実は中古住宅取引の場合、3つの利点がある。1つには中古住宅は建物がすでに竣工しているので契約引き渡しが即日で可能であること。2つには中古住宅は建物が減価償却して価値が下がっているので、消費税が課税される建物比率を小さくできること。そして3つには売主が個人であれば取引にあたってそもそも消費税が課税されないことである。
特に注目すべきは3つめの個人間売買では消費税が課税されない点である。新築マンションと同じ6000万円の中古マンションを買う場合に8%で480万円、10%にアップ後なら600万円もの消費税を負担せずにすむのである。税金のペイバックに惑わされて高額のローン返済を強いられるよりも、初めから消費税分を節約できる中古住宅のほうがはるかに「お得」という結論になるわけだ。
幸い首都圏の住宅マーケットは十分に成熟している。以前のような「住宅難民」の言葉も聞かれなくなり、住宅は新築にさえ拘らなければ選択肢は多岐にわたるようになってきた。
日本人の「新築信仰」も都市伝説になりつつある
これからは東京都内でも大量の相続が発生することが見込まれている。団塊世代以上の多くが都内の大田区や世田谷区、杉並区などで戸建てやマンションを保有し、居住している。これらのエリアでは今後、時の経過とともに相続が順次発生することは自明だ。相続人の多くが親の家を賃貸や売却に拠出することが十分に期待できる。

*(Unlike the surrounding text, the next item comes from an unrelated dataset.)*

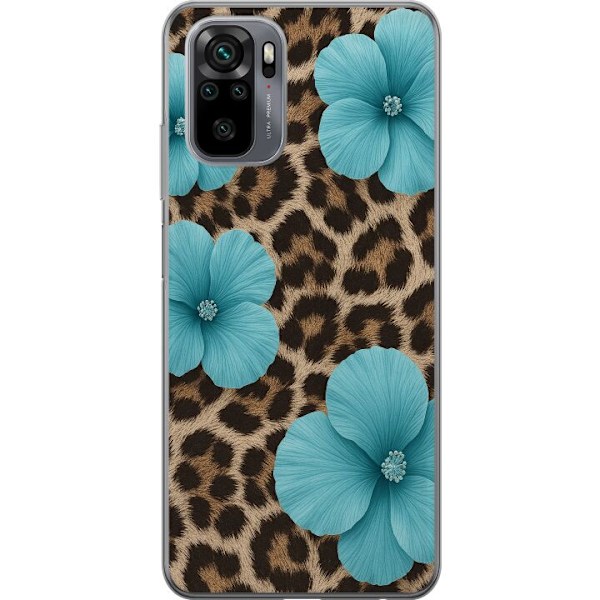 Xiaomi Redmi Note 10 Genomskinligt Skal Blossom Beast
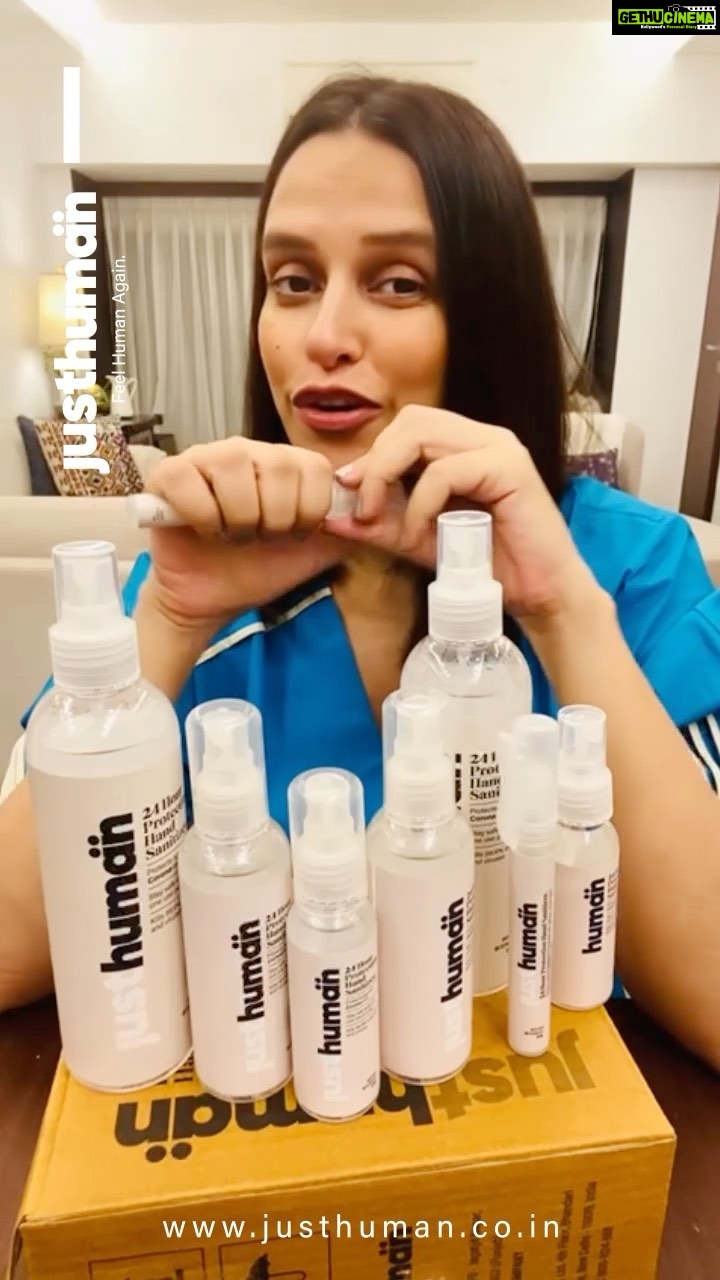 Neha Dhupia Instagram - @JustHumanindia A 24 HOUR HAND SANITIZER Some one finally heard my prayers🙏🏼🙏🏼! I love Just Human because you only need to use it just once a day and you are done! It’s Lab Certified, soft on your skin and hard on germs and viruses! Its perfect for anyone. Mom’s don’t forget to get it for the kids. Shop now #justhuman #justhumanhandsanitizer #24hourprotection #freedom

マンションデベロッパーは今、都内でマンション建設用地の確保がままならず、戦線を郊外や地方に移しているが、これからの住宅購入者にとっては何も彼らにお付き合いして、あまり立地のよろしくない郊外の物件を高い消費税まで負担して購入せずとも、相続発生でマーケットに出てくる優良な中古マンションや戸建てを購入するチャンスは今後いくらでもでてくるのである。
新築マンション業界の思惑とは異なり、意外と消費者は世の中の動向を良く観察しているのかもしれない。これまで日本人は中古よりも新築住宅を好む特性があると言われたが、どうやらこの「新築信仰」が都市伝説となる日も近いようだ。